Rapidement, la portée de l'oeuvre s'impose: après nous avoir habitués à un univers rose bonbon fait de laque et de strass (univers au demeurant fort bien conçu, mais parfois superficiel), la chorégraphe Karine Ledoyen plonge enfin dans des zones plus sombres, à la recherche de cette étroite frontière unissant le visible et l'invisible.

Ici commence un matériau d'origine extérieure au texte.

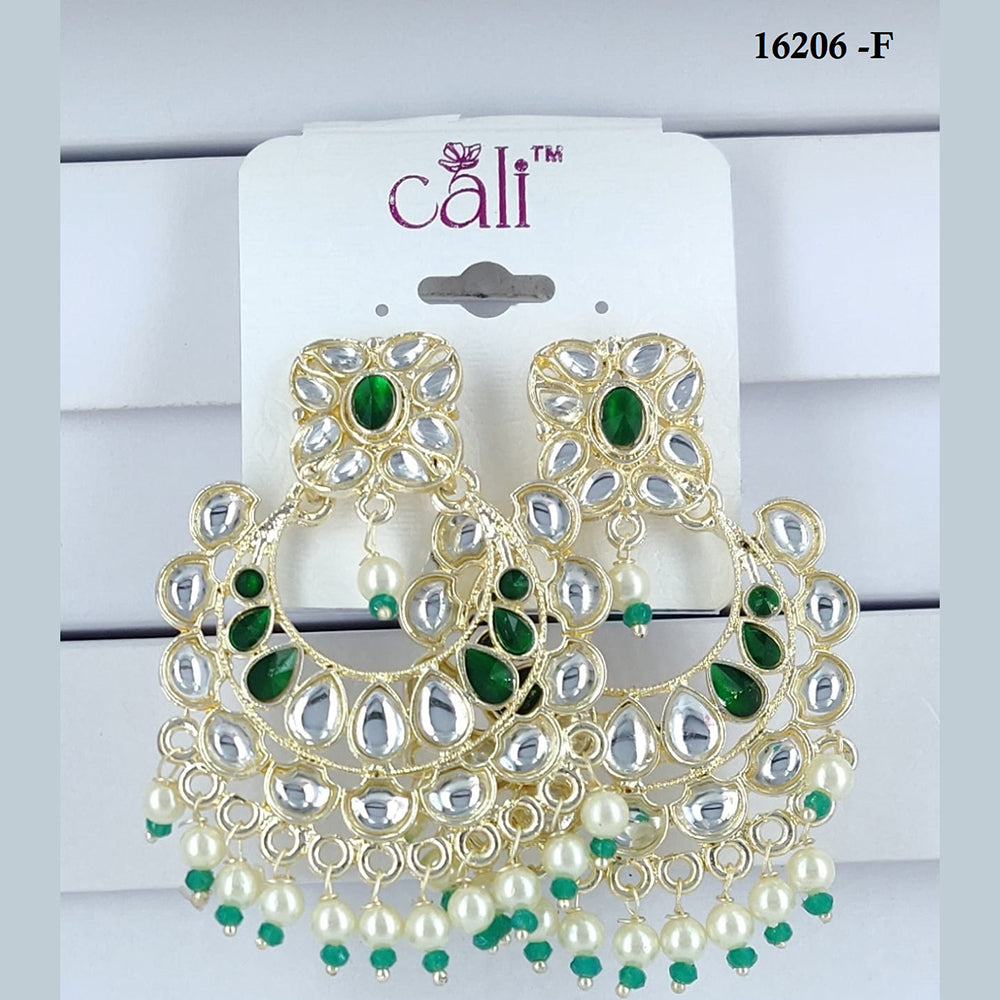 Corbeda Fashion Gold Plated Assorted Color Dangler Earrings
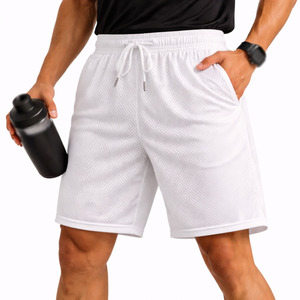 Wholesale Custom Double <b>Layer</b> Mesh Basketball Shorts Quick Dry Compression Training Shorts OEM Sportswear Factory - Product Image 2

En fait, on peut avancer sans trop risquer de se tromper que Ledoyen amorce avec cette plus récente production un tout nouveau cycle de création. Après des pièces plus ludiques comme Julio et Romette et les premières années de Osez, Cibler apparaît véritablement comme une oeuvre de maturité.

Maturité du propos, bien sûr, mais aussi maturité esthétique (scénographie de Geneviève Tremblay; éclairages sobres et pertinents de Denis Guérette; environnement sonore riche de Mathieu Doyon). À cet égard, certaines scènes — notamment la séquence d'ouverture où l'on voit le corps nu d'une interprète emprisonné par la laine (Véronique Jalbert) et libéré progressivement par le claquement de ciseaux d'une autre (Julie Belley) — démontrent la grande maîtrise de Ledoyen.

Il en va de même pour le langage chorégraphique plus audacieux et plus précis qu'auparavant. Appuyée par trois danseuses douées et une comédienne rompue à la pratique de la danse (Sophie Thibault), elle a su développer des partitions de mouvements couvrant un vaste registre d'intensités allant de la langueur sensuelle à des moments carrément explosifs (on remarque au passage Sonia Montminy, dont la présence en scène apporte énergie brute et qualité technique). Le soir de la première, quelques mouvements de groupe étaient encore un peu brouillons, une danseuse devant parfois en attendre une autre pour compléter l'enchaînement. Mais il ne s'agissait là que d'accrocs de départ que la pratique viendra gommer sous peu.